══ Data to examine ══
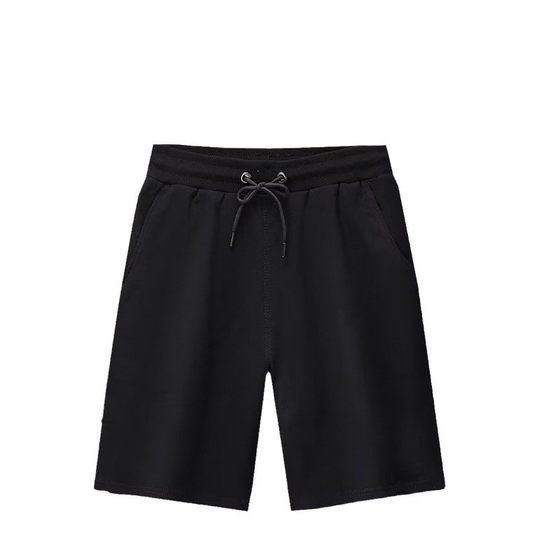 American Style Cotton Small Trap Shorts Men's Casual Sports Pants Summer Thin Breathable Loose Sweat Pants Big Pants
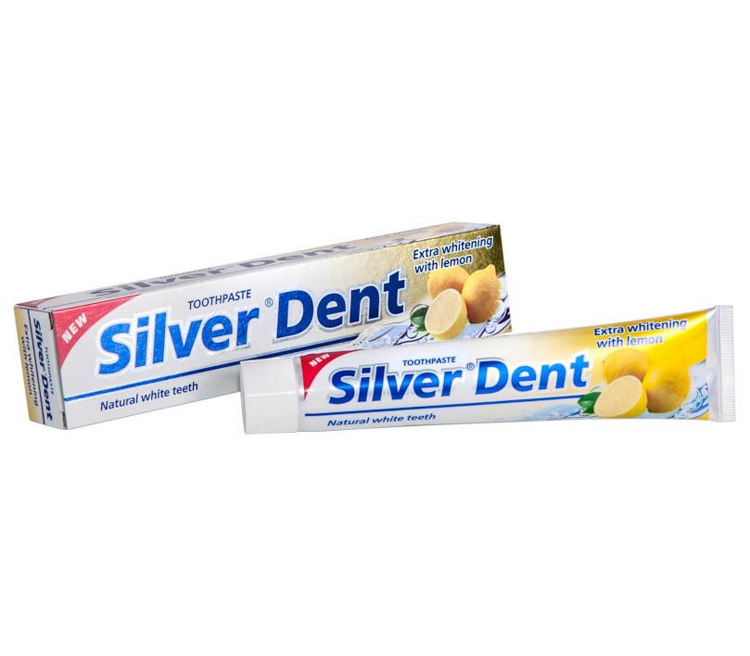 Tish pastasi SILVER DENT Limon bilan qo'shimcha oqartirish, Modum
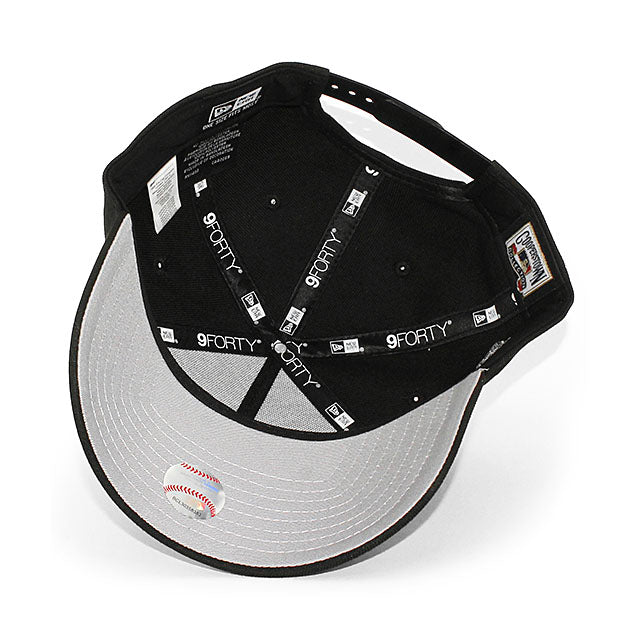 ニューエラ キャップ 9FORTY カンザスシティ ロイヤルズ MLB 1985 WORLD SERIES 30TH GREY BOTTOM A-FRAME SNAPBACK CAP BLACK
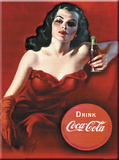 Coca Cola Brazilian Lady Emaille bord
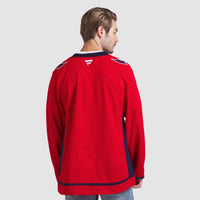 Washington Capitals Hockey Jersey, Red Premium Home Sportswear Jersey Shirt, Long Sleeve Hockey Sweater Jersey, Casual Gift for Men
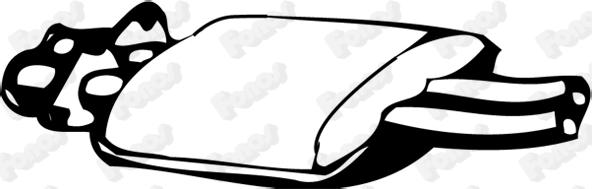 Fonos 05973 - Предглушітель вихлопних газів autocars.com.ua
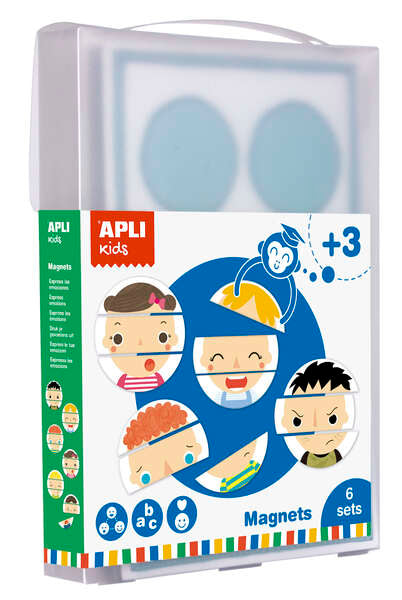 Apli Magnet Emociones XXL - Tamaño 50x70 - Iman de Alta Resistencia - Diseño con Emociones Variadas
═══
## What to produce
Exclude all pictures and reproduce exactly the lines from the one containing "Coca Cola Brazilian Lady Emaille bord" through the final line of the entries above.

## Task answer
 Coca Cola Brazilian Lady Emaille bord
 Washington Capitals Hockey Jersey, Red Premium Home Sportswear Jersey Shirt, Long Sleeve Hockey Sweater Jersey, Casual Gift for Men
 Fonos 05973 - Предглушітель вихлопних газів autocars.com.ua
 Apli Magnet Emociones XXL - Tamaño 50x70 - Iman de Alta Resistencia - Diseño con Emociones Variadas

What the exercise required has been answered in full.